Jumbo, what Jeanne names it to further assert its humanity, communicates via spirited circular movements, dark secretions, and the colorful light bulbs that adorn it. Banter between them quickly evolves to their own peculiar, and oily, interpretation of sexual intimacy. Think of a muted, R-rated version of the Transformers franchise, or more specifically 2018’s spin-off “Bumblebee”: woman and machine elope while the rest of the world is unaware of the secret life of motorized vehicles from outer space.
Once their connection is established, Wittock leaves no room for ambiguity about whether Jumbo is real. He exists and Jeanne’s feelings are reciprocated, so the obstacle lies in getting acceptance from her lonely mother Margarette (Emmanuelle Bercot). Committed to the central relationship, the writer/director never makes this a movie about mental health, even if Margarette or Jeanne’s flesh-and-blood, infuriatingly persistent suitor Marc (Bastien Bouillon) question the heroine’s sanity.
Such narrative determination works for the “against all odds” passion on display, but it also seems to deter Wittock from expounding on the mechanics of this fictional world. No one knows why Jumbo is the only conscious ride or if others would also come to life if someone loved them. The screenplay plays within a limited box in order to not push too hard into any direction that would put into question the reality of this romance.
Merlant’s utter sincerity in enacting how Jeanne handles this emotional rollercoaster (pun absolutely intended), including the rejection it brings her, convinces us of the character’s devotion. With few words but outbursts of anguish, the actress manifests the fervor of young love. Merlant loses herself in the role so intensely that it’s impossible not to empathize with her and Jumbo, as strange as the premise remains throughout. She sells it without an ounce of cynicism. Bercot’s neurotic portrayal of a matriarch contrast strongly with her daughter’s demure persona.
To preserve that earnestness Wittock then sidesteps introspection, and restricts character development to Jeanne’s aptitude for creating scaled mechanical designs in her room. Afraid, perhaps, that if we get to know her more profoundly, we might wonder if there’s trauma igniting a delusion. By the same token, the town’s dynamics are also thinly drawn—including a band of kids who taunt Jeanne and seem to visit the park every day.
Aside from Merlant’s performance, this inter-material relationship between flesh and metal is made spellbinding by cinematographer Thomas Buelens’ work in scenes where Jeanne rides on Jumbo or addresses its flat center (the closest thing to a face). As she rides or stares at her massive lover, she basks in the radiant patterns of its lights in motion. That striking, nearly hypnotic imagery calls to mind a meeting between an EarthLink and a spaceship. Jumbo has personality, and that’s a major feat accomplished entirely through the film’s visual language.
Those moments of dazzling bonding have greater impact than the one dreamlike sequence showing a semi-naked Jeanne in a white space being swallowed by a dark liquid (machinery lubricant) similar to the feeding scenes in “Under the Skin.” Because the validity of their union is never in doubt in Jeanne’s eyes, “Jumbo” functions as a straightforward allegory for the notion that love is love.
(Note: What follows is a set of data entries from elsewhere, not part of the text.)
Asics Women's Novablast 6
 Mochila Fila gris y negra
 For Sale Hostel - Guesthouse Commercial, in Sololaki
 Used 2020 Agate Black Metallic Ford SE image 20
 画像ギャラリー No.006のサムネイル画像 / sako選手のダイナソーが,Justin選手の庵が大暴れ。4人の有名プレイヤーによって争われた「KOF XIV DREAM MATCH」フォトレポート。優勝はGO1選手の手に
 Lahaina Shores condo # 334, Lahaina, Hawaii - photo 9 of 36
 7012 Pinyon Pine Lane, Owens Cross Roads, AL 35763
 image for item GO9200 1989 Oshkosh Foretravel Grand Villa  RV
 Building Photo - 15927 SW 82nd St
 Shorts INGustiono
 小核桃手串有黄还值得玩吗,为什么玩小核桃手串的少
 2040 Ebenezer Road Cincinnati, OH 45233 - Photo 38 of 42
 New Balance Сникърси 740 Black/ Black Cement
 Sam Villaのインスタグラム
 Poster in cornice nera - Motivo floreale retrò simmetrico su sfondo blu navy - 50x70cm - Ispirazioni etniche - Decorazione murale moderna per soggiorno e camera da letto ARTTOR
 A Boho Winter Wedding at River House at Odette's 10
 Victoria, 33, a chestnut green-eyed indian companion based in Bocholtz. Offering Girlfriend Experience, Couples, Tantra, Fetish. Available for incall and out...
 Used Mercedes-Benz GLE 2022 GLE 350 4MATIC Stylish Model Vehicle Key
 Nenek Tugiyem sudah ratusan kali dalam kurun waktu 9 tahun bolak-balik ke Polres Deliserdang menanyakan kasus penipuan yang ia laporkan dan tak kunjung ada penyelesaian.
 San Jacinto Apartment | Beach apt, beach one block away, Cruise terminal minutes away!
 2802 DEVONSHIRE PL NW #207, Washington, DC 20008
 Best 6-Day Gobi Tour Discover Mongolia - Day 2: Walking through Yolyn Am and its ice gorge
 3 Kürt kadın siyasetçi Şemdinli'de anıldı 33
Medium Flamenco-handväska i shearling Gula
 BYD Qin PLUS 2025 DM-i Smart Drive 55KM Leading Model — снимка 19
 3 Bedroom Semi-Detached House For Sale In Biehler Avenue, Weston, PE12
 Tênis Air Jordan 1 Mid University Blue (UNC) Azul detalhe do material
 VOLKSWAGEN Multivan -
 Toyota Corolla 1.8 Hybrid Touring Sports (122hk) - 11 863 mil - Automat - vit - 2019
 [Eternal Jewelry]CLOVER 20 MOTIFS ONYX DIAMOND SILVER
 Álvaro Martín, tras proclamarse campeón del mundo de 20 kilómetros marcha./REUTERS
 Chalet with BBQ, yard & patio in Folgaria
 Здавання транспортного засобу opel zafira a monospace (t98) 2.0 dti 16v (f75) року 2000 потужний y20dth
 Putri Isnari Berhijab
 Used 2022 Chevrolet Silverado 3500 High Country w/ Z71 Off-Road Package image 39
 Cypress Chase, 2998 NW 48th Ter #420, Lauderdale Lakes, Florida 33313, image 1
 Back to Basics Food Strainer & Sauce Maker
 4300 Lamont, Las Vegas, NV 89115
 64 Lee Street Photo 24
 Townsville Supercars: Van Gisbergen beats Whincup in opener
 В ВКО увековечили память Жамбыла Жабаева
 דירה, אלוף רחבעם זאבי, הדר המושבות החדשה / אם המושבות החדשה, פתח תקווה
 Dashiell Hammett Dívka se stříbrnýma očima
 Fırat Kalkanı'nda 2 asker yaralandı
If a large piece of entertainment machinery can awaken such unabashed affection from her, then surely all other, consensual human liaisons should be seen as orthodox.
In the movie’s final throes, the filmmaker mystifyingly shifts tone from alluring drama to cheeky comedy. Furthermore, the story solves the conflict of parental approval through a supporting character that enters as the voice of reason yielding a muddled resolution. Though curiously charming, “Jumbo” behaves like love at first sight that doesn’t think about the consequences of the ardent now or the larger, long-term picture.
Now playing in select theaters and virtual cinemas.